A team from NYU examines the relationship and discovers an interesting result.
New York University’s Furman Center for Real Estate and Public Policy recently published the 2008 edition of State of New York City’s Housing and Neighborhoods . The study concludes that past performances of a neighborhood will not necessarily predict how much its housing values will fall. As stated in the 156-page report, “Predicting which neighborhoods will do well or will fare poorly is very difficult. There is less correlation between how a neighborhood does in one cycle and how it does in the next than one might expect. However, a few general principles stand out (like) price trends during past downturns are not reliable predictors of price trends in future downturns. Whether a neighborhood fared poorly or well in the 1974–1980 housing bust had little relationship to how that neighborhood performed in the next downturn.”
But everything’s not that hard to search for a positive effect. The report also found out that city investment in renovation, rehabilitation and new construction of housing helped stabilize home prices during the 1990’s downturn. It states, “City investment is correlated with greater stability in poor neighborhoods. Poor neighborhoods that received significant public investment to rehabilitate and increase their affordable housing stock experienced smaller price declines in the 1990s downturn, and in some cases even saw prices increase during that period. Indeed, City investment was more closely related to smaller housing price declines than any other neighborhood characteristic we studied.”
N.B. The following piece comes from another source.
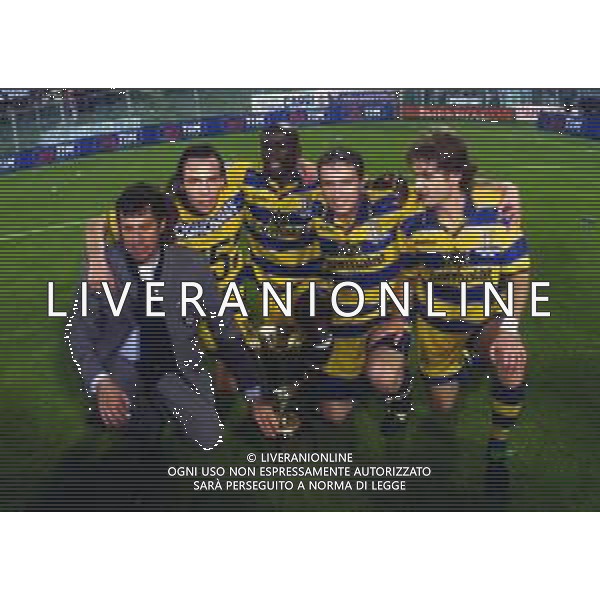05-05-1999 FIRENZE -FINALE DI COPPA ITALIA FIORENTINA PARMA NELLA FOTO ALBERTO MALESANI-ALAIN BOGHOSSIAN-LILIAN THURAM-ABEL BALBO E ROBERTO MUSII CON LA COPPA ITALIA AG ALDO LIVERANI SAS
So what do these results imply?
If the study can only be expanded nationwide (albeit it will cost a lot and take longer to produce), we can actually find better predictions that are not only limited in New York City. If the findings remain the same, then we can say that today’s crisis will only speak little of what the future in home prices will be.
Second, this should hopefully encourage analysts to come up with a more accurate methodology that can reduce statistical errors in predicting housing values.
Finally, the second conclusion should influence more state officials to put their funds in housing programs especially those experiencing very high foreclosure rates like California, Florida and Nevada.